The Rooms-Katholieke Zieuwentse Voetbalclub, usually known as RKZVC, is a Dutch association football club from Zieuwent. It was founded on 28 June 1945. RKZVC's main male squad plays in the Hoofdklasse since 2018. The club's home ground is De Greune Weide.

== History ==
While founded in 1945, RKZVC plays in major KNVB leagues only since 1971. Until 1983 it played in Vierde Klasse C, where it usually ended in a top spot. In 1983 it won a championship and promoted to Derde Klasse C. This first stint in the Derde lasted 6 years, after which generally weaker years in Vierde Klasse C followed.

In 2008 RKZVC hit a bottom when it relegated to the Vijfde Klasse.
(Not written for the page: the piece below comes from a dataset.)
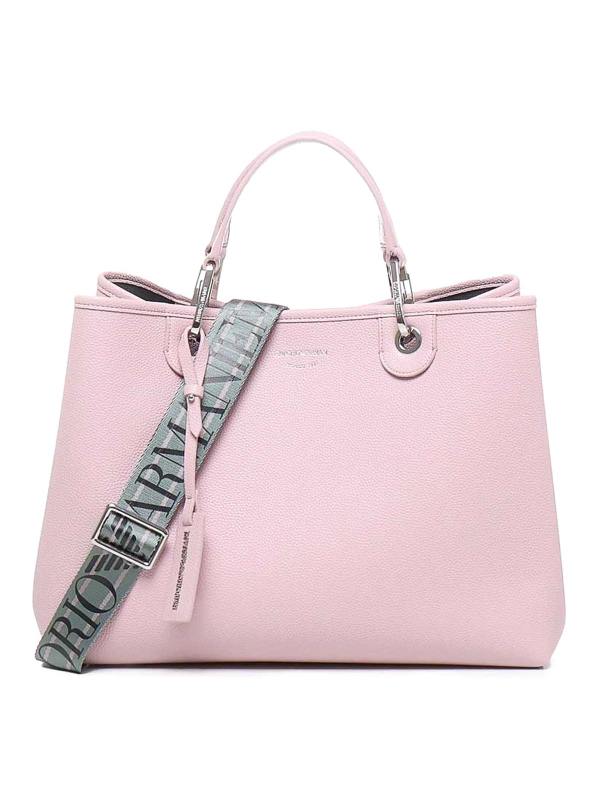Emporio Armani Sac Bandoulière - Couleur Chair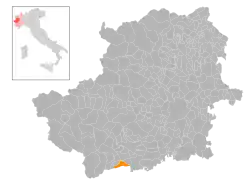 Localisation de Bibiana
From here luck changed. It immediately won a Vijfde Klasse championship (2008–2009). Followed by gradually improving performance in the Vierde Klasse (2009–11). In 2011 RKZVC finally made it back to the Derde Klasse but relegated a year later.

Immediately, in 2013 RKZVC won the Vierde Klasse championship that brought it to the Derde. In 2016 it won a Derde Klasse championship, it 2017 that of a Tweede Klasse, and 2018 that of an Eerste Klasse. RKZVC's exceptional ascent, winning coach Laurens Knippenborg the Rinus Michels Award, was stopped for now in the Hoofdklasse where RKZVC "just" held on in 2019. While leading the league after several games, it finished in the "honorable" 4th place and did not make it into the promotion playoff (unlike the numbers 3 and 5, who took period championships).